━━━━━ Given information ━━━━━
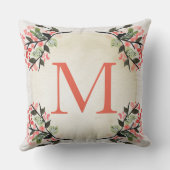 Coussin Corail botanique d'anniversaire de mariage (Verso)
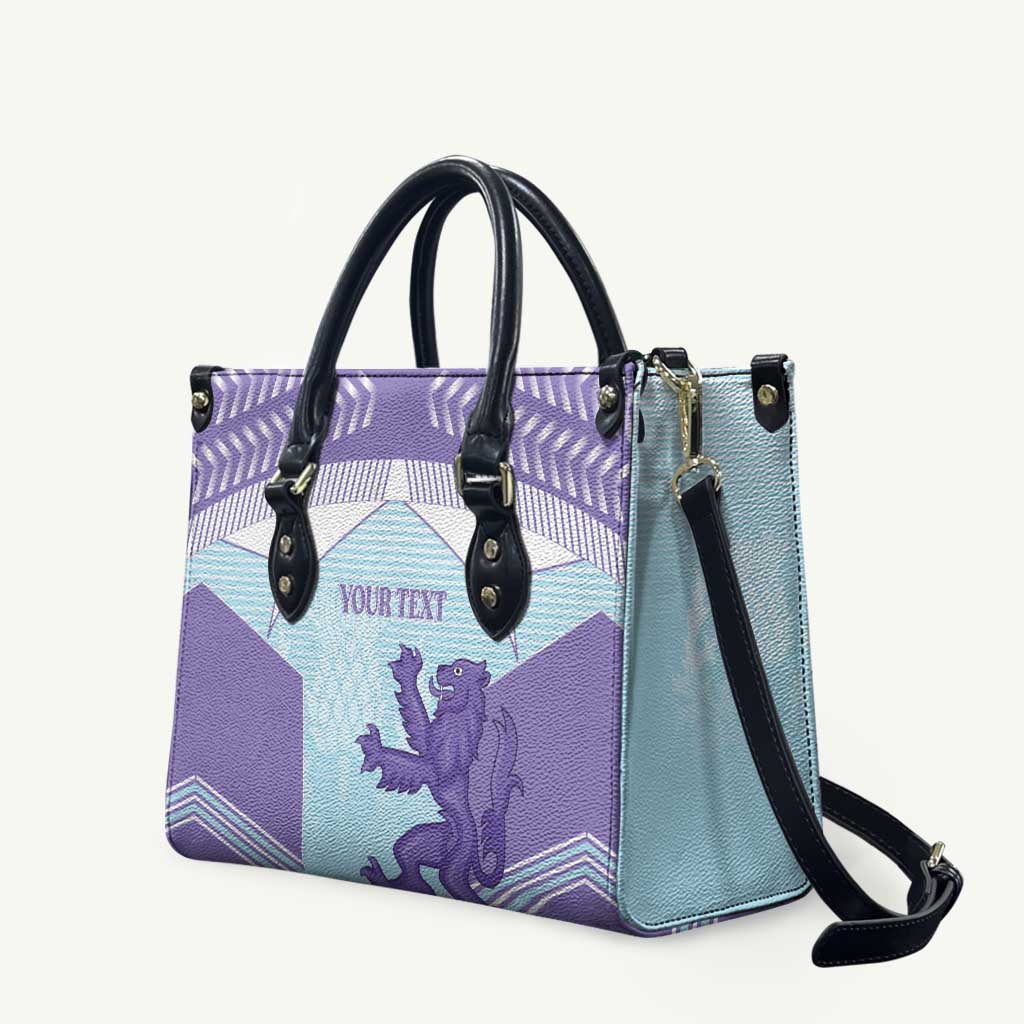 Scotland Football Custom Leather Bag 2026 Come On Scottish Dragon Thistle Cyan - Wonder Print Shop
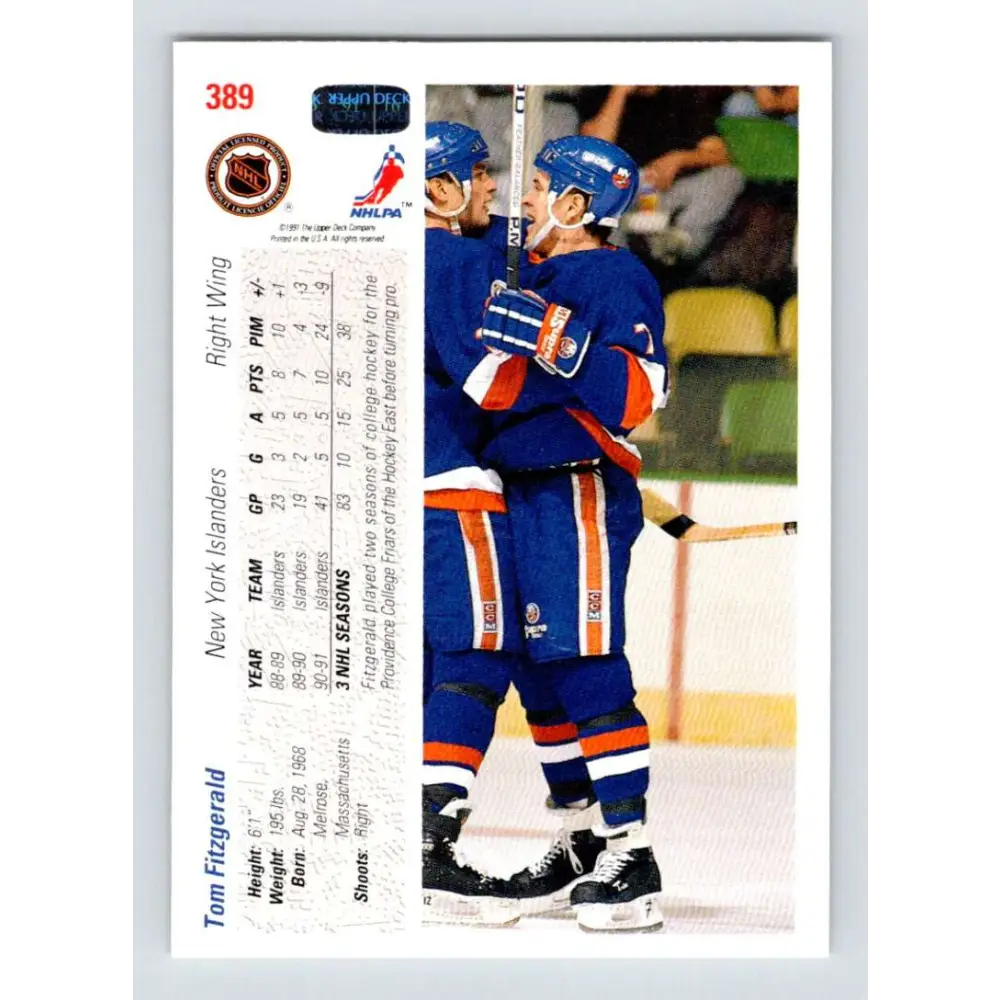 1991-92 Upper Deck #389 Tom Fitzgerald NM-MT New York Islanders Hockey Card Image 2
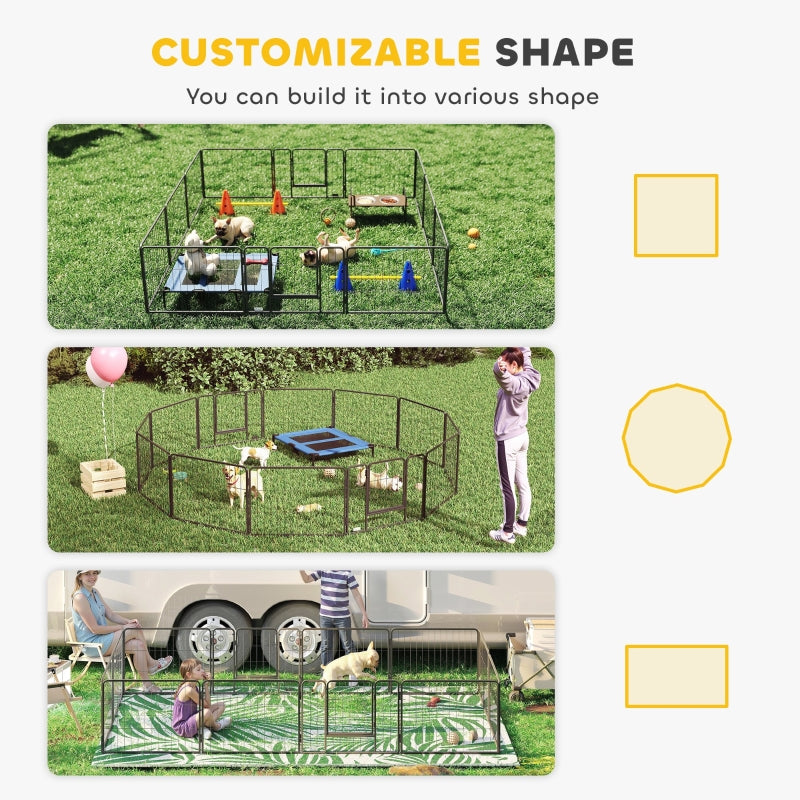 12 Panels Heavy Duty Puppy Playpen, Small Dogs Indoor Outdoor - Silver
━━━━━
▶ [What is needed]: Retype verbatim only the lines beginning with the line that contains "Scotland Football Custom" and ending with the last line of the listing above; pictures are to be excluded.

▶ [Exercise answer]:
 Scotland Football Custom Leather Bag 2026 Come On Scottish Dragon Thistle Cyan - Wonder Print Shop
 1991-92 Upper Deck #389 Tom Fitzgerald NM-MT New York Islanders Hockey Card Image 2
 12 Panels Heavy Duty Puppy Playpen, Small Dogs Indoor Outdoor - Silver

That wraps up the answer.